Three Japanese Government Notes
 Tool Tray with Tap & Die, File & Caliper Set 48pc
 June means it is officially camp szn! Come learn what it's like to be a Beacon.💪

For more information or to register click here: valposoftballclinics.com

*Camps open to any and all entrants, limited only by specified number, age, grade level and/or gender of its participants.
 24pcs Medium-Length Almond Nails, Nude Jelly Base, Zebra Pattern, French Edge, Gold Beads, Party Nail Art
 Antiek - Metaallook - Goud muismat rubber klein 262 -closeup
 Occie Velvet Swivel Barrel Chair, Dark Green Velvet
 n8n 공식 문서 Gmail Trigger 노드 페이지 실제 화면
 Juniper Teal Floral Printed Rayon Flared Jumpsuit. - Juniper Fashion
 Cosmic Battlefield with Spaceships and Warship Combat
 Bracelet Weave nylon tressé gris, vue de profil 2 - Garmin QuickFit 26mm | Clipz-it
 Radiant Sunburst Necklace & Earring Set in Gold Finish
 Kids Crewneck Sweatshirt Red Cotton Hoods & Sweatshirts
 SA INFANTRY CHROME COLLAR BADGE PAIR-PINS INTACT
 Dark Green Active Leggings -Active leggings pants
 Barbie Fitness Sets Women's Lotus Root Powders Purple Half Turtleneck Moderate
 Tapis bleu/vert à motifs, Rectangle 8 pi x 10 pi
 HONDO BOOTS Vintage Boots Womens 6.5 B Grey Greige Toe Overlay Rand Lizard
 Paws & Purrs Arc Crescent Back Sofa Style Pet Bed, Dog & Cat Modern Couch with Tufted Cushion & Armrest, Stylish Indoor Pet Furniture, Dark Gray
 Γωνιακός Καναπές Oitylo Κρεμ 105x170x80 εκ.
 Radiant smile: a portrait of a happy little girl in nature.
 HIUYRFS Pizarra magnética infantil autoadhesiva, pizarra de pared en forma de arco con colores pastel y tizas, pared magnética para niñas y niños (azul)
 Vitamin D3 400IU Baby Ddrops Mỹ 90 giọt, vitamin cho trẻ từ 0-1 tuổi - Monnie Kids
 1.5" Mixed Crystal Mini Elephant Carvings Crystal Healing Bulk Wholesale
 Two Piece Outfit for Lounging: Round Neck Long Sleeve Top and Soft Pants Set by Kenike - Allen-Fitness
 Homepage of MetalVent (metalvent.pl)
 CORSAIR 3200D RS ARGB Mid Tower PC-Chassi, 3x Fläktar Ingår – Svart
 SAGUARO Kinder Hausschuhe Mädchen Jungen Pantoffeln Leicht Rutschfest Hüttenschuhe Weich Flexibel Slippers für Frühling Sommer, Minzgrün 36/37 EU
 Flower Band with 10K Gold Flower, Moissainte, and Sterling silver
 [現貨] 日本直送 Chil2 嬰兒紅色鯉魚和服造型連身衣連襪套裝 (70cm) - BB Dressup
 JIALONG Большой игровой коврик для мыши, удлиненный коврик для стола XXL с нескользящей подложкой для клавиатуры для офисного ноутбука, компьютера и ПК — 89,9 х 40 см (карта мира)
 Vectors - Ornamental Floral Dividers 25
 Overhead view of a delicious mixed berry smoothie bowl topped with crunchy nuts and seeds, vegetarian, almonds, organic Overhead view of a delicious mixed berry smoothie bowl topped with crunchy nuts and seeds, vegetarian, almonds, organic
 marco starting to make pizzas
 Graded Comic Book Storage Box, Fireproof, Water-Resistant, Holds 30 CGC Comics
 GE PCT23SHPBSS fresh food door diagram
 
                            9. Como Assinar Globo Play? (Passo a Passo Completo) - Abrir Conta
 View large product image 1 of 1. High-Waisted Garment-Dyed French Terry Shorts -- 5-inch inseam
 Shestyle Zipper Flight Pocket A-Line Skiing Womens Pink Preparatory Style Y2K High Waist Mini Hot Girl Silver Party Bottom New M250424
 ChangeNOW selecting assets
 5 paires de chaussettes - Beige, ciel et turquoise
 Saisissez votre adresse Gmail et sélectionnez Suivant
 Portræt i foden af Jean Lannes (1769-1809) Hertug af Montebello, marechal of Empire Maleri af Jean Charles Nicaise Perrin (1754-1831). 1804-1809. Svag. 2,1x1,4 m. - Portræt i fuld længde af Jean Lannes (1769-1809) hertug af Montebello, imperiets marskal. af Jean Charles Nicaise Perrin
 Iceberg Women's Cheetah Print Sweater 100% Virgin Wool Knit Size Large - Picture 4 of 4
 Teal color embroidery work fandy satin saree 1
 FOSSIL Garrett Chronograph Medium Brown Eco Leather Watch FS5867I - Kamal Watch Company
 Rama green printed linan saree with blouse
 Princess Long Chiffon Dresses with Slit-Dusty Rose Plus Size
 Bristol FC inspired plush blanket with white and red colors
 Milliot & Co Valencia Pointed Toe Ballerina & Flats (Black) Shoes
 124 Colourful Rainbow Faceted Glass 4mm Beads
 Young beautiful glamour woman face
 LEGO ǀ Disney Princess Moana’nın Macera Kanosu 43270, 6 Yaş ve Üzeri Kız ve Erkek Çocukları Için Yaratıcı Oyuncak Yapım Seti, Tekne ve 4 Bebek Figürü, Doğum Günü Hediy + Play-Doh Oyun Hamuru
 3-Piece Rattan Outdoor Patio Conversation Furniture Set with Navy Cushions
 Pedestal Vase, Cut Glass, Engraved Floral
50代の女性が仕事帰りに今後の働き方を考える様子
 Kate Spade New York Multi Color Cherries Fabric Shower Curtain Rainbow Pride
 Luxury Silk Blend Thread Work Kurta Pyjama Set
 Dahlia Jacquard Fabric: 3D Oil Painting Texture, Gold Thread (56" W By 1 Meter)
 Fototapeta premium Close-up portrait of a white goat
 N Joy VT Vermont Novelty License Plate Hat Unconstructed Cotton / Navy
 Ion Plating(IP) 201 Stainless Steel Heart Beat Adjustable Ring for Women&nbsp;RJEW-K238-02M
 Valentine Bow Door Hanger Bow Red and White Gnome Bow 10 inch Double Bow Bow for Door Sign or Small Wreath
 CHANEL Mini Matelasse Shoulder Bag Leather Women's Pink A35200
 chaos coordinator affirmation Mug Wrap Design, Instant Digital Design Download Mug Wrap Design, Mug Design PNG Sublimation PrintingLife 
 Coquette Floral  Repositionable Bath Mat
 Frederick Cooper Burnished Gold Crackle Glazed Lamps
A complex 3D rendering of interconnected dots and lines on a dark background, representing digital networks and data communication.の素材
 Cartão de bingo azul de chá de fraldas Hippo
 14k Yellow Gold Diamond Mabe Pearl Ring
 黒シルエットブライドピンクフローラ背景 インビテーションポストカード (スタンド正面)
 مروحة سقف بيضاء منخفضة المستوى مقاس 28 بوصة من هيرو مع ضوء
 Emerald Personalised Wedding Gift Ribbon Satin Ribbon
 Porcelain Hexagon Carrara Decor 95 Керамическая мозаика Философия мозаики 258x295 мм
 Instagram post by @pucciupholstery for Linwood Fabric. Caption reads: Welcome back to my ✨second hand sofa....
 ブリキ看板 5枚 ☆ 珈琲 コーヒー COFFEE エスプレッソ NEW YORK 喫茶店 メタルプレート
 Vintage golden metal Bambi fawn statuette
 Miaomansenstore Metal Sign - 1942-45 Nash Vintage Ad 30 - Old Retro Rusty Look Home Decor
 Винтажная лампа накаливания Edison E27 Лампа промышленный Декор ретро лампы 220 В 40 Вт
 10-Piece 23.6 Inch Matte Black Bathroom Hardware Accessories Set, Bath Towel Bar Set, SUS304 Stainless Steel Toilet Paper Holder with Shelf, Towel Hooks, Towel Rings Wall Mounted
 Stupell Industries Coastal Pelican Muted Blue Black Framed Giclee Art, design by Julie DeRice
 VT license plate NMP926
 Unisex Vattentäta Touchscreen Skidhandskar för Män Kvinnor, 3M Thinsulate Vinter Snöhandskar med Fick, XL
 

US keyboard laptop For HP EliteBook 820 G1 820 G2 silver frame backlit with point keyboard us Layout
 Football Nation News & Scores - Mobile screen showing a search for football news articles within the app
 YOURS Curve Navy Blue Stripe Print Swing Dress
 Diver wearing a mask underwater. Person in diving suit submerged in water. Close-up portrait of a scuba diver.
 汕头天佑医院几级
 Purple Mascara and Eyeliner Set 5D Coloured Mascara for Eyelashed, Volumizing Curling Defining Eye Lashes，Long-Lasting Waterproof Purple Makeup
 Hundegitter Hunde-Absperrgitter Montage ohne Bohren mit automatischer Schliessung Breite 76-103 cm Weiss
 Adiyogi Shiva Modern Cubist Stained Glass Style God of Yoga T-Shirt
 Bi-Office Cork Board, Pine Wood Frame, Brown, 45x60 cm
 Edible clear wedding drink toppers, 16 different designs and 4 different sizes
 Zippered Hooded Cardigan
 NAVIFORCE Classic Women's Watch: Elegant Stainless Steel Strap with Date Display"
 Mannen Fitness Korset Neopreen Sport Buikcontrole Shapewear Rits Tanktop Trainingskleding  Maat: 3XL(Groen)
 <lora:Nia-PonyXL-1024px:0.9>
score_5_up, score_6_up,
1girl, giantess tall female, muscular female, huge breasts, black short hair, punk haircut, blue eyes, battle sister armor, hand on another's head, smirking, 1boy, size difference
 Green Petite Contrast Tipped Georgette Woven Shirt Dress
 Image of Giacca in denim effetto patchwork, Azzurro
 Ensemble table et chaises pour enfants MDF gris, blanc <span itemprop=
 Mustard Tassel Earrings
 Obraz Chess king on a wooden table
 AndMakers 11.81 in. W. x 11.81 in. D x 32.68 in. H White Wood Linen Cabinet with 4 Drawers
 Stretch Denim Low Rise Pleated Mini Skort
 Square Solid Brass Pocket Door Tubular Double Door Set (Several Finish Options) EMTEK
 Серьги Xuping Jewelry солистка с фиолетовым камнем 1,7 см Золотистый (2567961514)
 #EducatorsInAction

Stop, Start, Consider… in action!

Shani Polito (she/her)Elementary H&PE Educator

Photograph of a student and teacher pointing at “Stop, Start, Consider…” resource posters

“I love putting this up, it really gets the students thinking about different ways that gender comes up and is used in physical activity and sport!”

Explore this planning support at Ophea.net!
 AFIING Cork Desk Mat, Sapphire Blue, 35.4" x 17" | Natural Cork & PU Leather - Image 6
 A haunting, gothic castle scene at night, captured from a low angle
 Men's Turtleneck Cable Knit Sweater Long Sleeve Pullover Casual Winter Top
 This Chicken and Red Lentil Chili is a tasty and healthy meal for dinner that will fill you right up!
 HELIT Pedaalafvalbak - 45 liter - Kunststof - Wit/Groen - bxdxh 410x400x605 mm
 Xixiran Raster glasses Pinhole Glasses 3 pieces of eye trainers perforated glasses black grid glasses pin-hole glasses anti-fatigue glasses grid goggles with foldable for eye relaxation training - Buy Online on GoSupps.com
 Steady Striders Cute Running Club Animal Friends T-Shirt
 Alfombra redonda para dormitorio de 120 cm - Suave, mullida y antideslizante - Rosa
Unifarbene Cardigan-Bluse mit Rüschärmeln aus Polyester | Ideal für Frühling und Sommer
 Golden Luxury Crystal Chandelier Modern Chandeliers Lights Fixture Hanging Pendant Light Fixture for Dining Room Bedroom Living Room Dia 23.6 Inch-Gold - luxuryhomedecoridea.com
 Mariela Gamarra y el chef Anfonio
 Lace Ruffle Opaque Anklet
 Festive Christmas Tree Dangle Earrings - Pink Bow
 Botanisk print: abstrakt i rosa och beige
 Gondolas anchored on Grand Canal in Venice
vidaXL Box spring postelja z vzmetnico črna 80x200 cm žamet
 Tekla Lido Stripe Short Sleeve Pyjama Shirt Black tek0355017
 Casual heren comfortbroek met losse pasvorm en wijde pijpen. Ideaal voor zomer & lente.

+ + + +

EXERCISE
From the line that has "CHANEL Mini Matelasse" through the line that has "Porcelain Hexagon Carrara", copy every line exactly as it appears above, and leave out all others.

TASK ANSWER
 CHANEL Mini Matelasse Shoulder Bag Leather Women's Pink A35200
 chaos coordinator affirmation Mug Wrap Design, Instant Digital Design Download Mug Wrap Design, Mug Design PNG Sublimation PrintingLife 
 Coquette Floral  Repositionable Bath Mat
 Frederick Cooper Burnished Gold Crackle Glazed Lamps
A complex 3D rendering of interconnected dots and lines on a dark background, representing digital networks and data communication.の素材
 Cartão de bingo azul de chá de fraldas Hippo
 14k Yellow Gold Diamond Mabe Pearl Ring
 黒シルエットブライドピンクフローラ背景 インビテーションポストカード (スタンド正面)
 مروحة سقف بيضاء منخفضة المستوى مقاس 28 بوصة من هيرو مع ضوء
 Emerald Personalised Wedding Gift Ribbon Satin Ribbon
 Porcelain Hexagon Carrara Decor 95 Керамическая мозаика Философия мозаики 258x295 мм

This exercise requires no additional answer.